It would help if you retyped the data exactly, leaving out the pictures.

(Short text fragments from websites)

────────────────

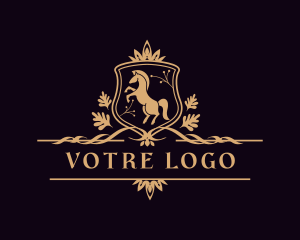 Luxury Crown Horse Stallion Logo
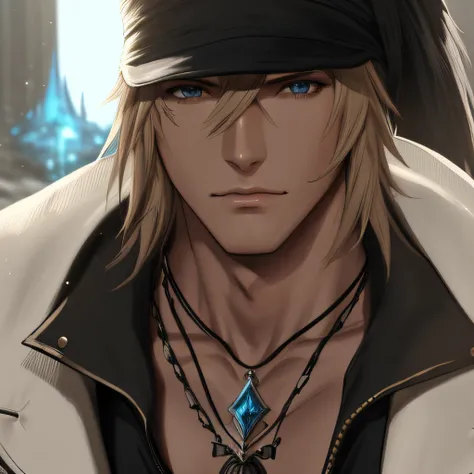 Villiers de nieve, Final Fantasy XIII, ojos azules hermosos, mirada atractiva, cabello rubio, sombrero totalmente negro y guantes negros, gabardina beige sostenida en la mano, Camisa negra holgada, estilo de mmorpg, Hombre guapo, Muscles of anatomical and ...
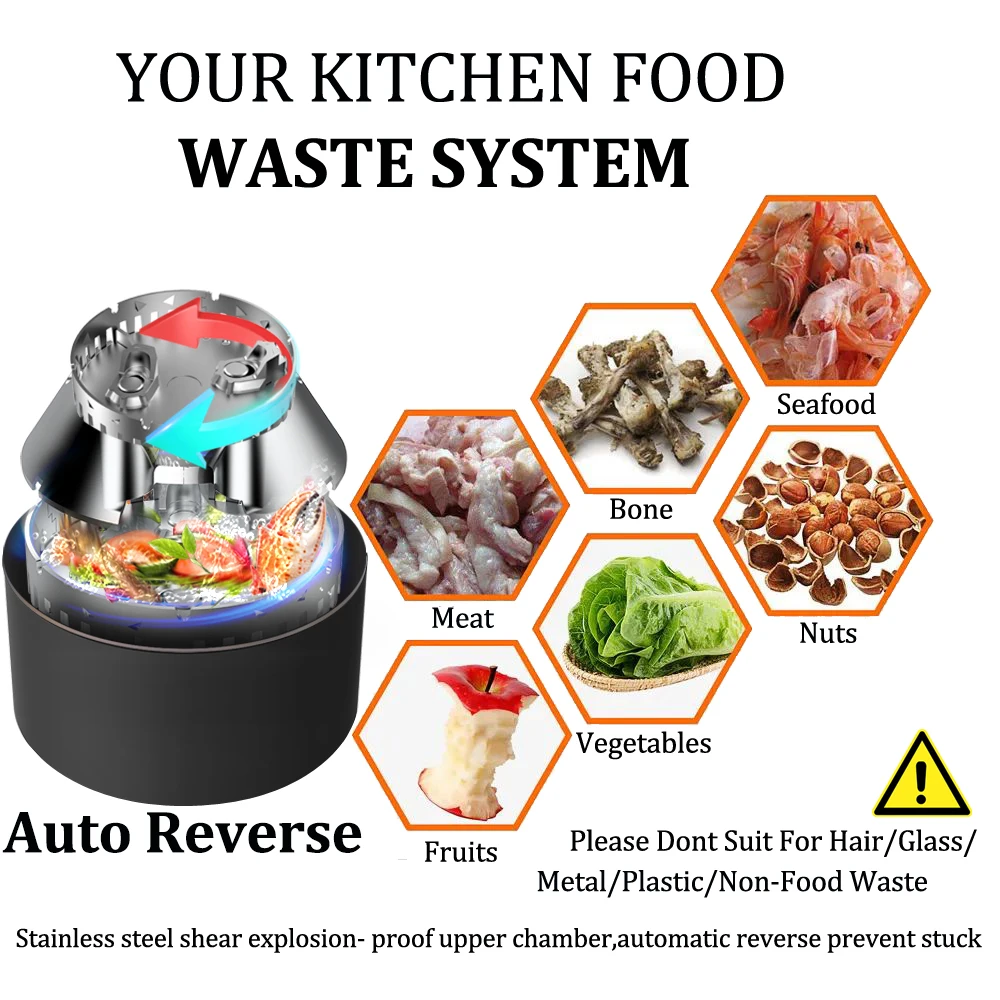 Smart Home used garbage disposal 1hp 220v 750w food
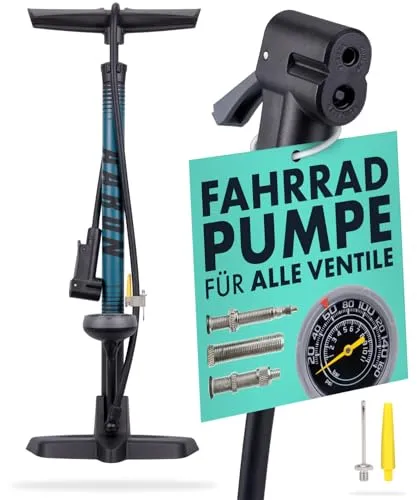 AARON Sport One Fahrrad Standpumpe mit Manometer – Hochdruckpumpe für alle Ventile - Universelle Standpumpe für alle Ventilarten, inklusive Ballaufsatz. Robuste Stahlkonstruktion, leicht bedienbar und bis 11 Bar hochdruckgeeignet. Ideal für Fahrräder, Bälle und mehr.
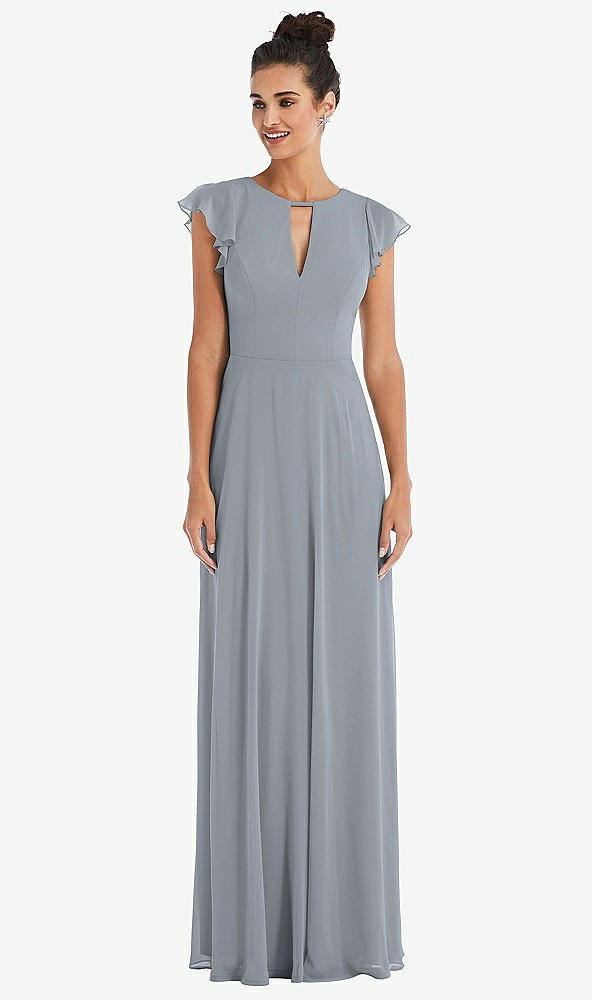 Front View - Platinum Flutter Sleeve V-Keyhole Chiffon Maxi Dress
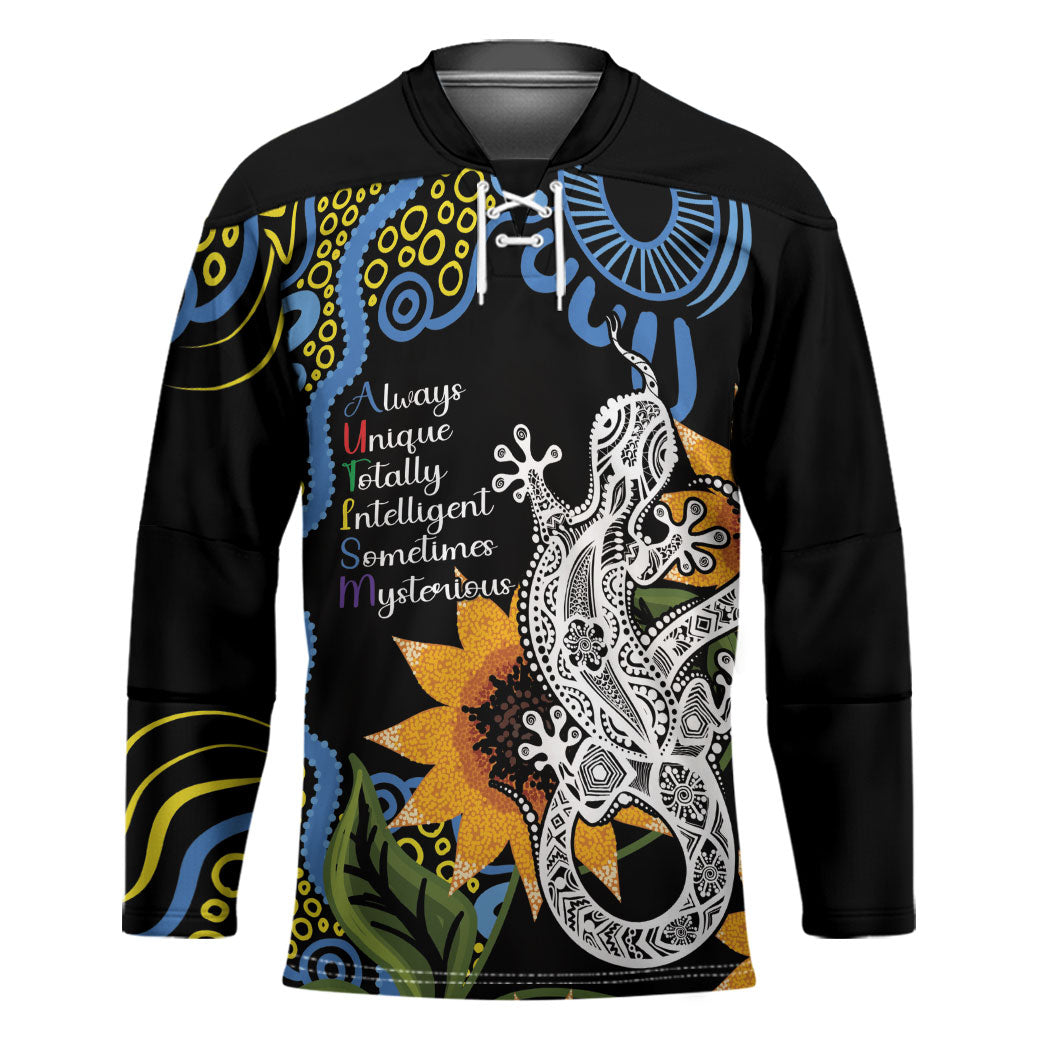 Australia Autism Support Hockey Jersey Brave Strong Aussie Lizard Aboriginal Art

────────────────

◆ EXERCISE OUTPUT ◆
 Luxury Crown Horse Stallion Logo
 Villiers de nieve, Final Fantasy XIII, ojos azules hermosos, mirada atractiva, cabello rubio, sombrero totalmente negro y guantes negros, gabardina beige sostenida en la mano, Camisa negra holgada, estilo de mmorpg, Hombre guapo, Muscles of anatomical and ...
 Smart Home used garbage disposal 1hp 220v 750w food
 AARON Sport One Fahrrad Standpumpe mit Manometer – Hochdruckpumpe für alle Ventile - Universelle Standpumpe für alle Ventilarten, inklusive Ballaufsatz. Robuste Stahlkonstruktion, leicht bedienbar und bis 11 Bar hochdruckgeeignet. Ideal für Fahrräder, Bälle und mehr.
 Front View - Platinum Flutter Sleeve V-Keyhole Chiffon Maxi Dress
 Australia Autism Support Hockey Jersey Brave Strong Aussie Lizard Aboriginal Art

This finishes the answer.